[Your objective]: From the line containing "young couple helps" down to the final line of the entries below, return each line exactly and drop the pictures.

[Data section]:
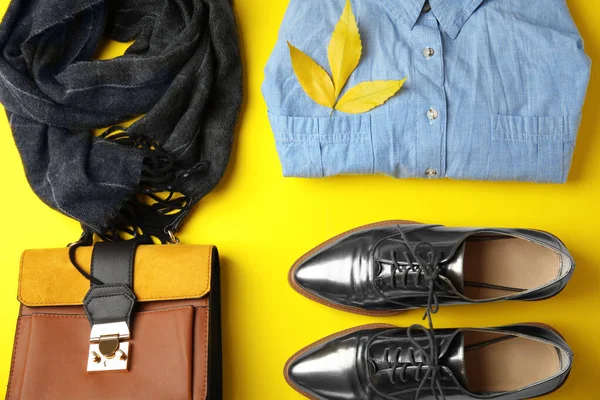 Flat lay composizione con vestiti caldi e foglie autunnali su sfondo giallo — Foto Stock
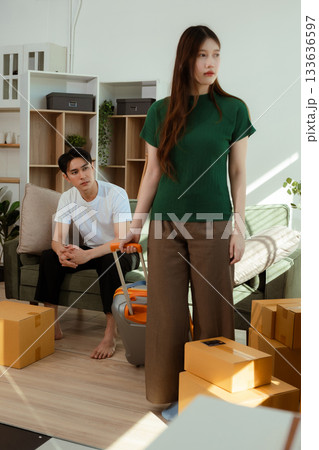 young couple helps put things in boxes and prepares to move to a new house. 133636597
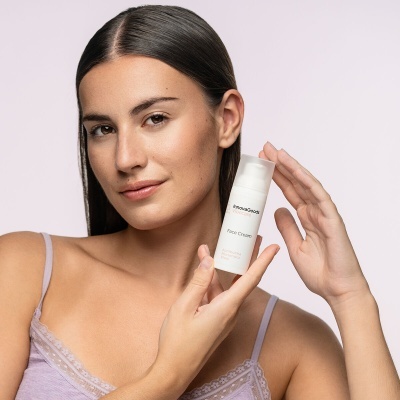 Mulher segurando frasco branco de creme facial Innovation Face Cream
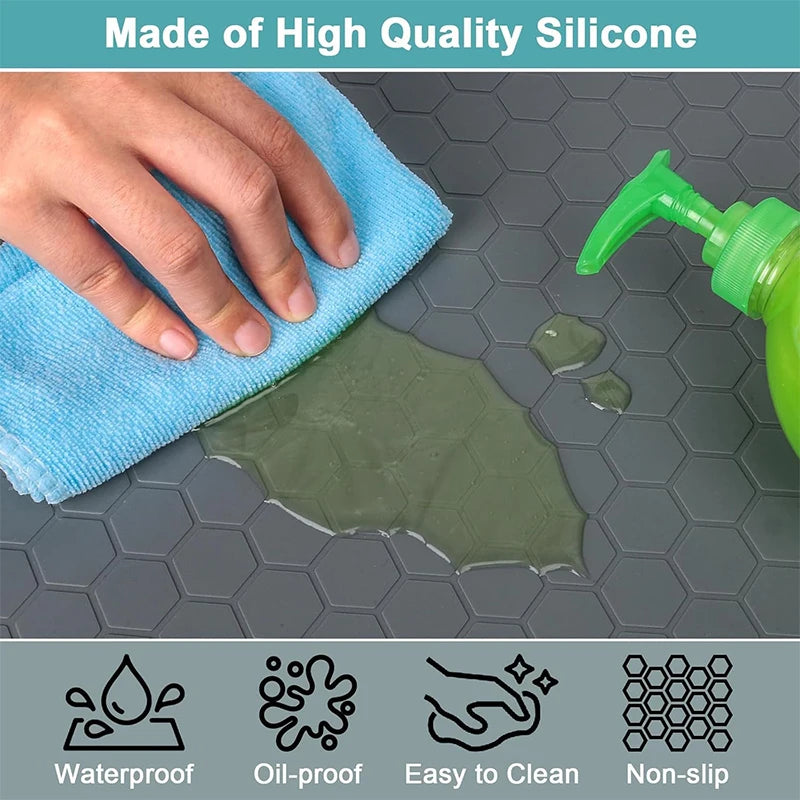 A hand is wiping a green silicone mat on a gray surface, demonstrating waterproof, oil-proof, easy-to-clean, and non-slip fea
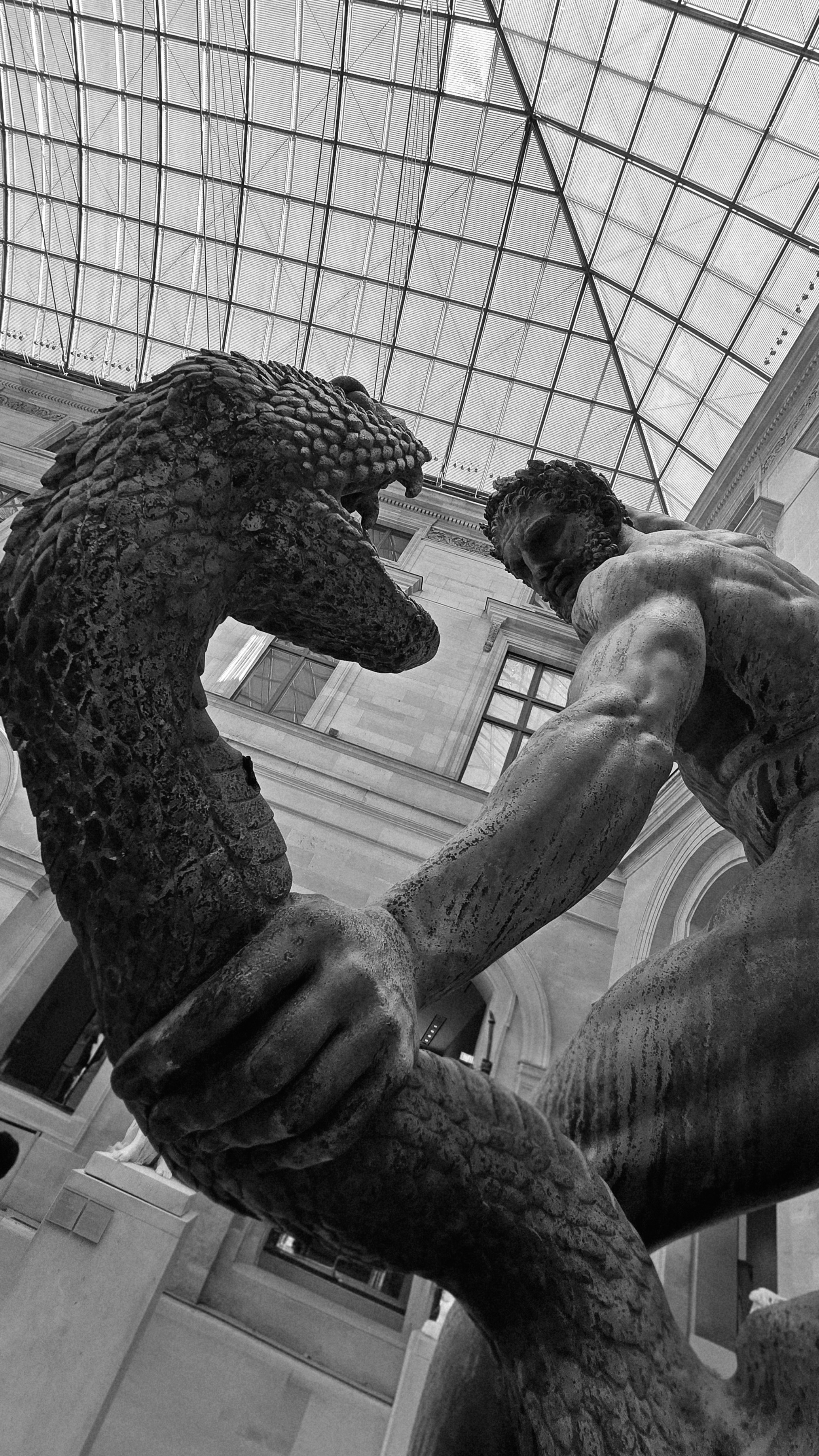 Man wrestling a large snake under a glass ceiling.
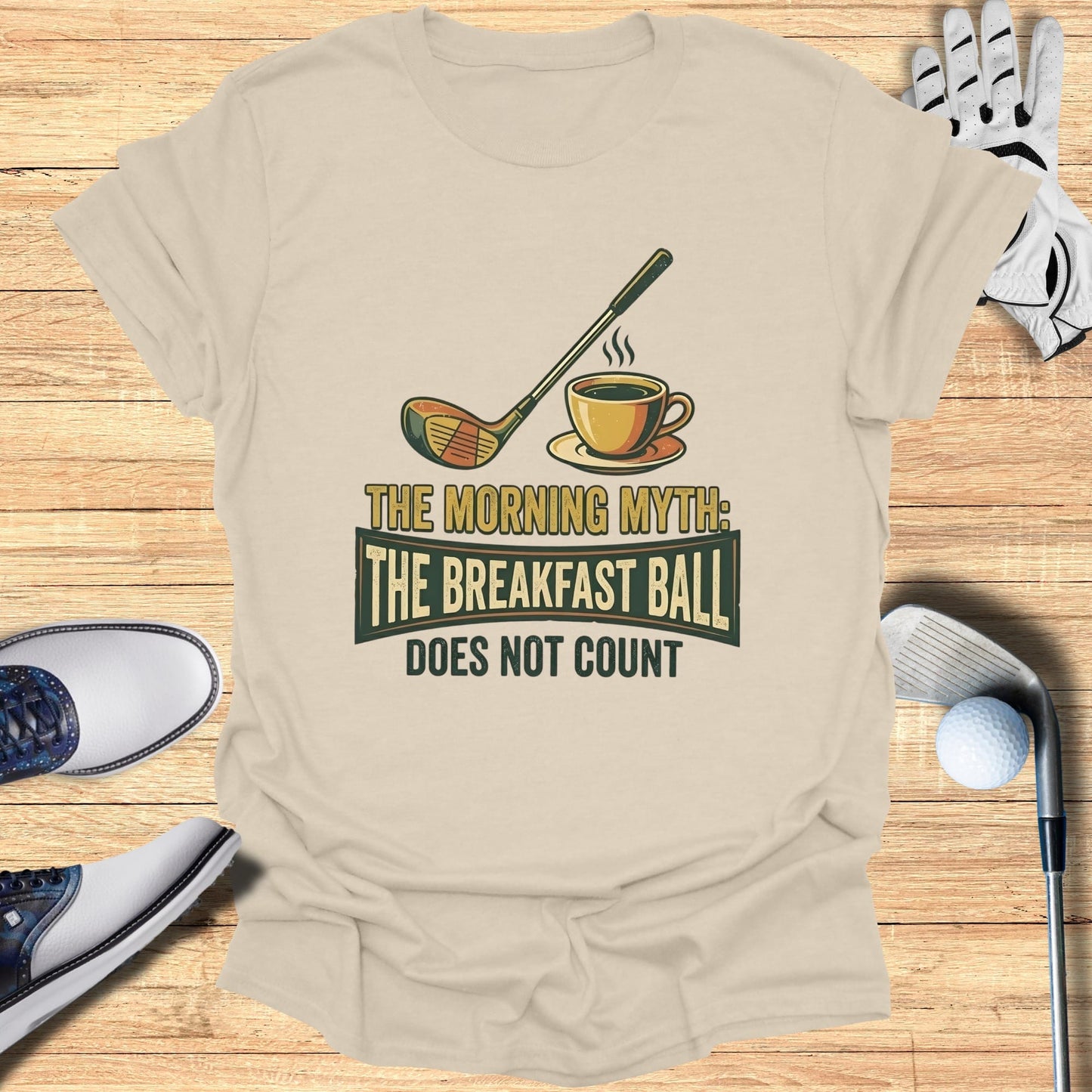T-shirt with golf club, coffee cup, and text: The Morning Myth: The Breakfast Ball Does Not Count
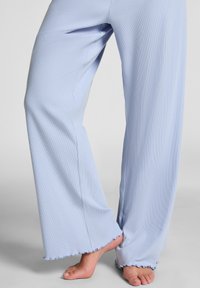 Blote voeten met lichtblauwe, geribbelde, wijde broek met gekrulde randen, tegen een neutrale achtergrond.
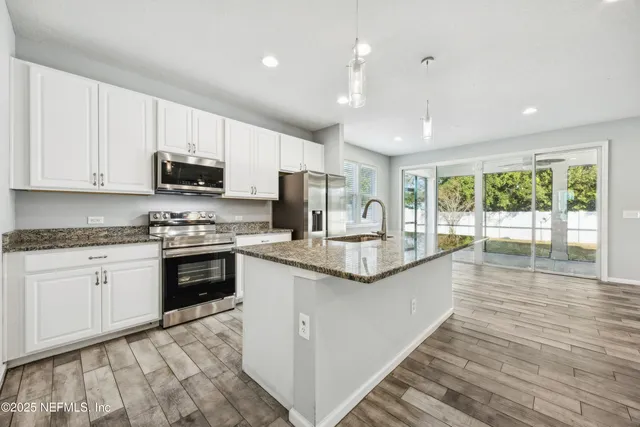 a dining room with furniture window and wooden floor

[Worked solution]:
 young couple helps put things in boxes and prepares to move to a new house. 133636597
 Mulher segurando frasco branco de creme facial Innovation Face Cream
 A hand is wiping a green silicone mat on a gray surface, demonstrating waterproof, oil-proof, easy-to-clean, and non-slip fea
 Man wrestling a large snake under a glass ceiling.
T-shirt with golf club, coffee cup, and text: The Morning Myth: The Breakfast Ball Does Not Count
 Blote voeten met lichtblauwe, geribbelde, wijde broek met gekrulde randen, tegen een neutrale achtergrond.
 a dining room with furniture window and wooden floor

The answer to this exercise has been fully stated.